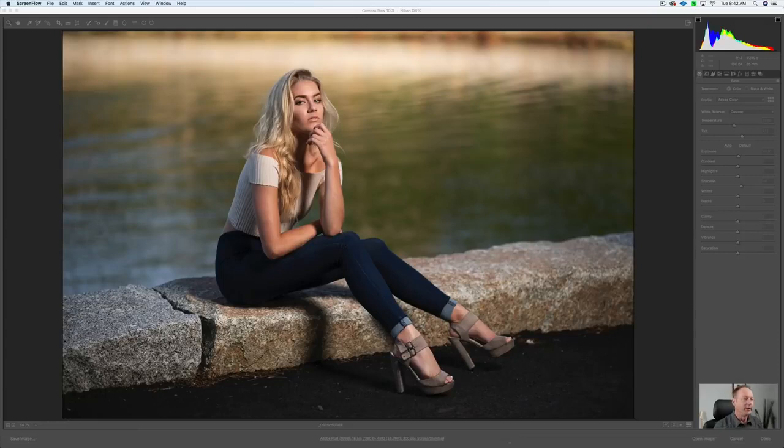Hey everybody, it's Craig Bechtel here, and in this video I'm going to show you how to improve your photos fast in Photoshop. All right, let's get started.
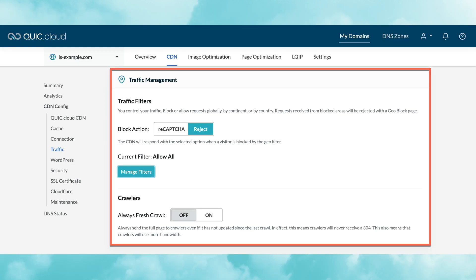You may wish to control which regions can visit your site. The traffic management section allows you to configure which countries and continents may or may not access your content. Visitors from disallowed areas may be served a reCAPTCHA message or outright rejected. If you're happy allowing a global audience, then you can safely ignore this section.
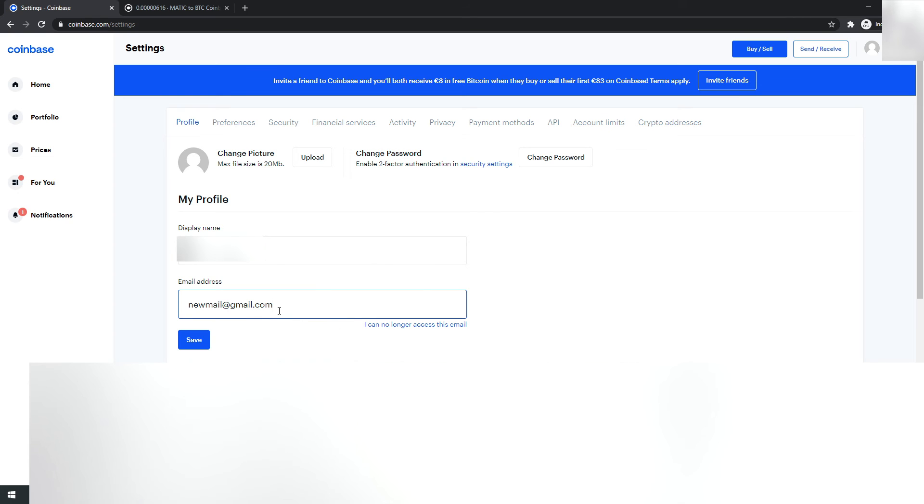So confirm the email you just used, and then you have to confirm the new email, and then it will be done.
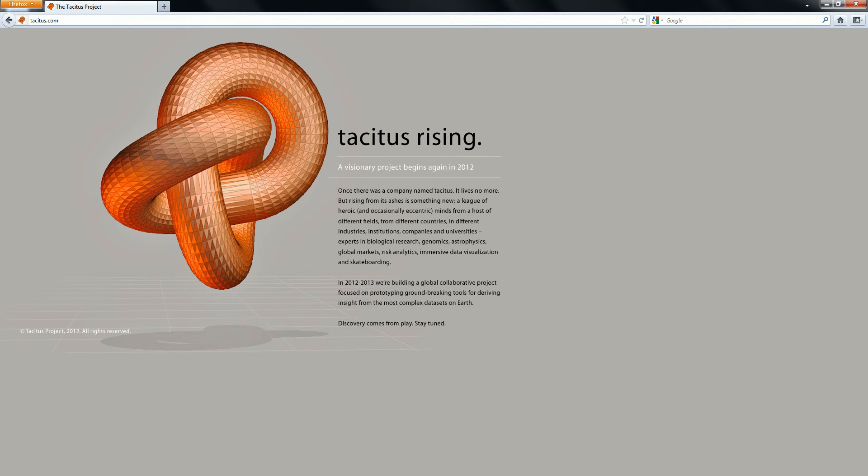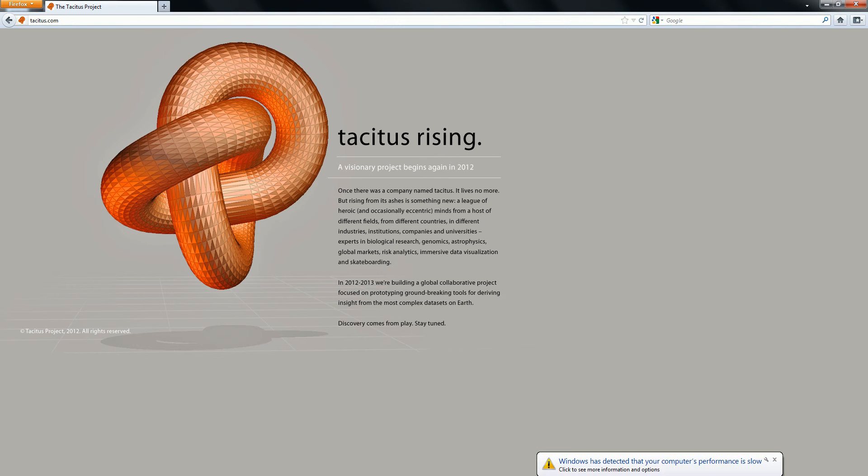Hey what's up guys, so all this information about Black Ops 2 has been going around. Basically there was this website, I'm not sure if it's Tacitus.com or Tacitus.com because someone mentioned that C was a soft C, so I'm not really sure how you pronounce it, but this website was put up just the other day.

Required action:
Only the lines from where the data begins to the line with "You may wish", both of them included, should be reproduced word for word; no pictures.

Response to this task:
Hey everybody, it's Craig Bechtel here, and in this video I'm going to show you how to improve your photos fast in Photoshop. All right, let's get started.
You may wish to control which regions can visit your site. The traffic management section allows you to configure which countries and continents may or may not access your content. Visitors from disallowed areas may be served a reCAPTCHA message or outright rejected. If you're happy allowing a global audience, then you can safely ignore this section.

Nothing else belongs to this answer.